Some of his personal was well recorded and preserved. The name of his father was Giovanni da Antonio Mazonus and his mother’s name was Garita, probably a shortened version of Margherita. Antonello most likely was apprenticed to an artist or two as a young man, both in his hometown and Palermo. According to a written document dated in 1524, by Pietro Summonte, it was noted that Antonello had been a student of a Neapolitan artist Niccolò Colantonio in 1450.
The Sibiu Crucifixion, named so because it is now housed in the museum of Sibiu, Bucharest (Romania) was one of the two representations that Antonello painted in 1454 and 1455. The other is the Antwerp Crucifixion now in Belgium, which he’d painted during the same period. He most definitely gained his Netherlandish or Flemish art skills from Colantonio, but also from studying the works of Jan van Eyck and Rogier van der Weyden that were bought by wealthy Italian art collectors, such as King Alonzo V of Aragon, who was Colantonio’s patron. Later, in 1475, he made a third painting in the same theme, named the London Crucifixion. These three of Antonello's paintings were oil paint on wood, but he also painted other works with oil paints and tempera on panels and canvas.
In 1456 or 1457, Antonello became an independent artist and he earned his first commission, but he had to take his wife and young son Jacobello with him to Reggio Calabria, because that was where the job was located. After he had finished there, Antonello’s father bought passage on a sailing vessel to bring Antonello and his family home. His works were still distinctively Flemish in style in the early 1460s, but this time he was more influenced by Piero della Francesca, as seen in the Salting Madonna, Saint Jerome Penitent and Abraham Served by the Angels.
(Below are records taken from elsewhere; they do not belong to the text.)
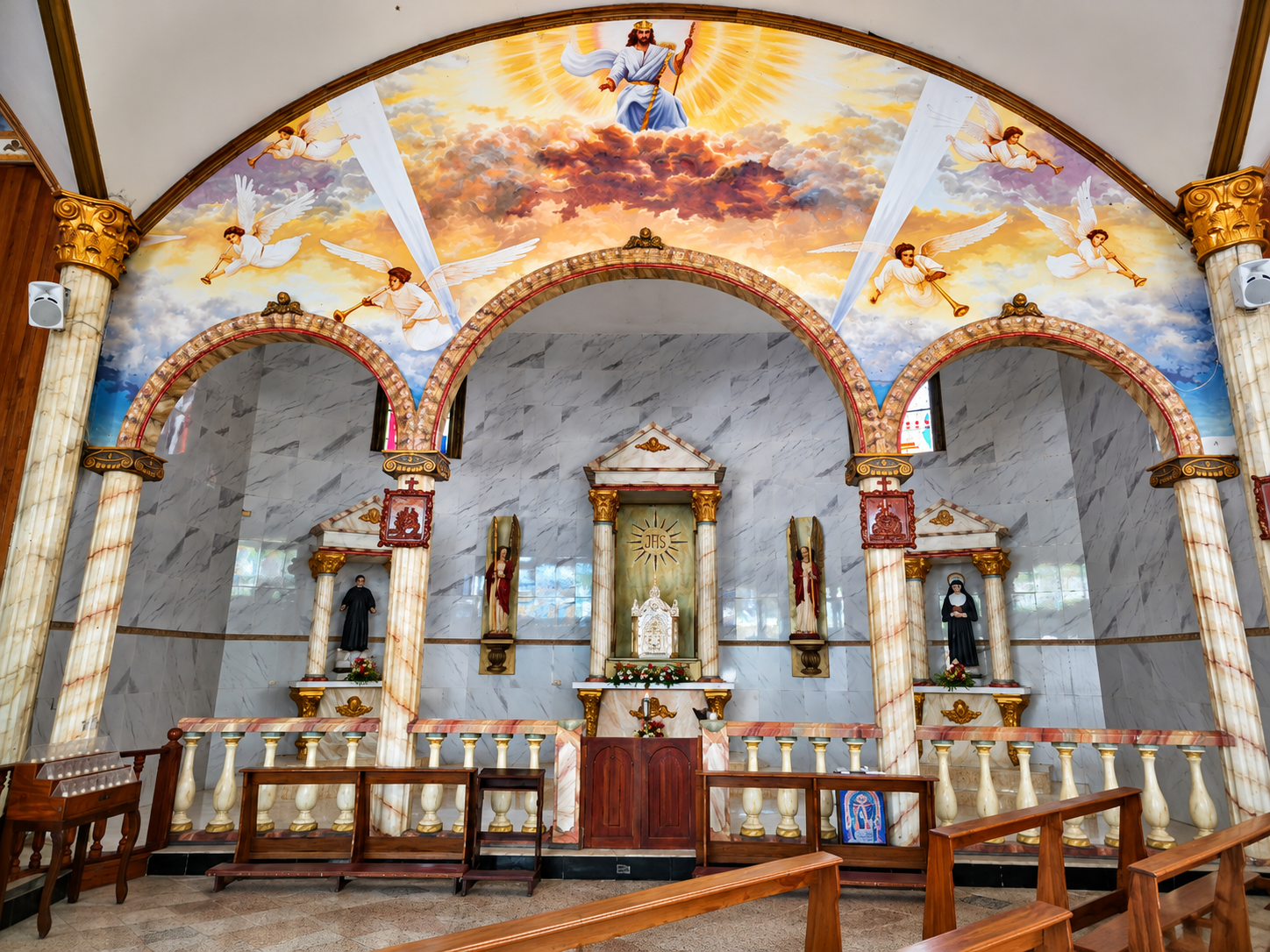 Arcos y decoración interior del Santuario Nuestra Señora de Guadalupe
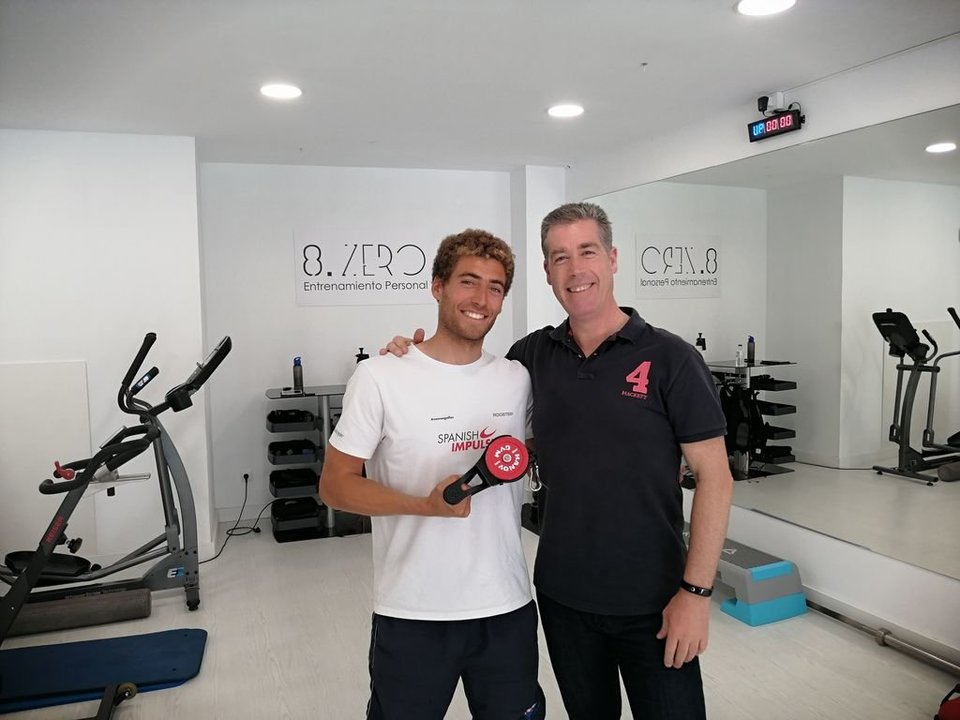 El regatista vigués Nicolás Rodríguez probando el &#39;Handy Gym&#39; (en la mano) en su entrenamiento para Tokio 2020.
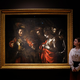 Nasilje, skrivnostna roka in skriti umetnik: V Londonu so razstavili Caravaggievo zadnjo sliko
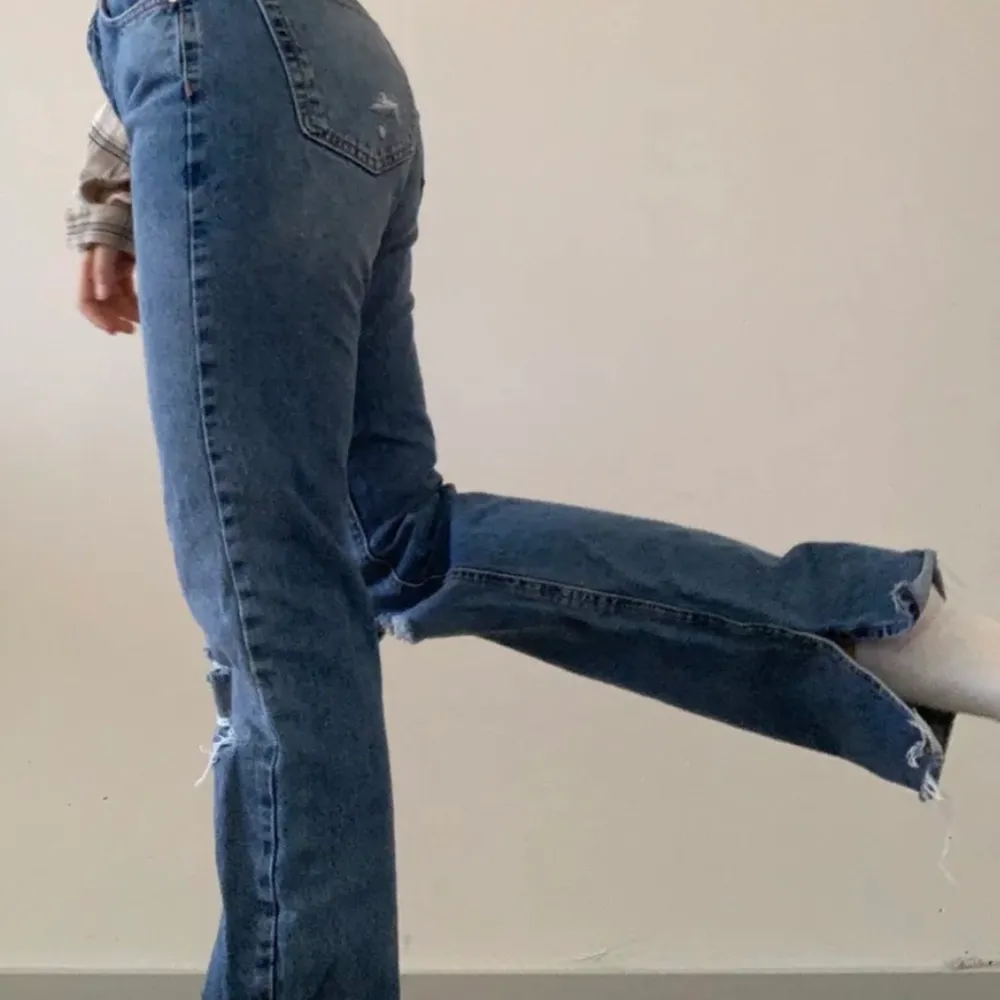 Världens snyggaste jeans från pull and bear med hål på knäna och slits ⭐️💕 Lånade bilder, skriv för egna! . Jeans & Byxor.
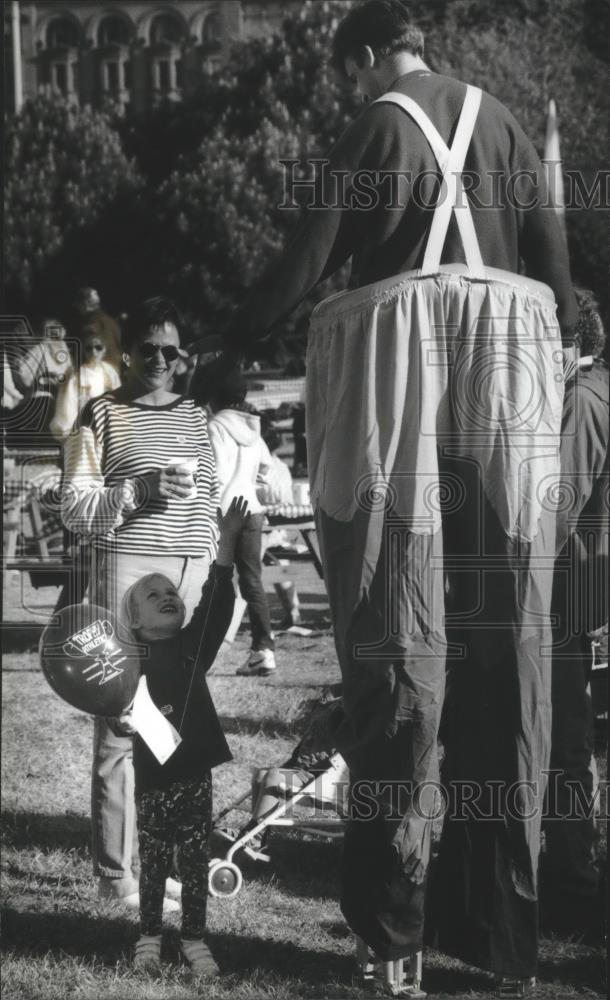 1994 Press Photo People enjoying RiverSplash! in Milwaukee River Downtown - Historic Images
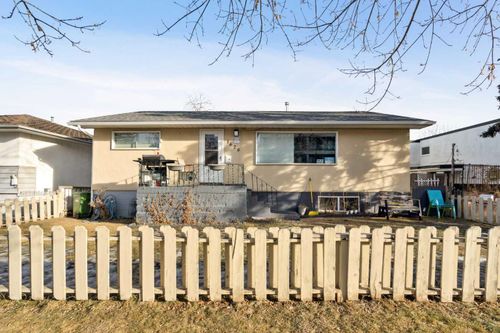 1626 38 Street Sw, Calgary, AB, T3C1T7 | Card Image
Antonello’s portraits also differed from the Italian style; he painted the subject in a “Flemish” three-quarter pose, rather than the profile view which was the traditional form in Italy. In 1470, when he heard that some of Giovanni Bellini’s paintings were in Venice, he travelled there in hopes of seeing them. He continued journey, finding commissions to work on in Sicily and Syracuse, and by 1474 he had improved on his figures, making them more expressive and their anatomy more like those drawn by Bellini and Francesca. He went to Venice again in 1475 and stayed there until the autumn of 1476. It was in Venice that year that he painted some of his most famous works: Saint Sebastian, the Condottiero. and the San Cassiano Altarpiece. This altarpiece was a large sacra conversazione using Bellini’s perfected format and it influenced the Venetian artists greatly. Antonello’s last major work was the Virgin Annunciate, which can be seen in the Palazzo Abatellis, in the city of Palermo, Sicily. Jacobello, his son, was responsible for finishing Antonello’s paintings when Antonello died only three short years later, in 1479, after returning to his birthplace of Messina.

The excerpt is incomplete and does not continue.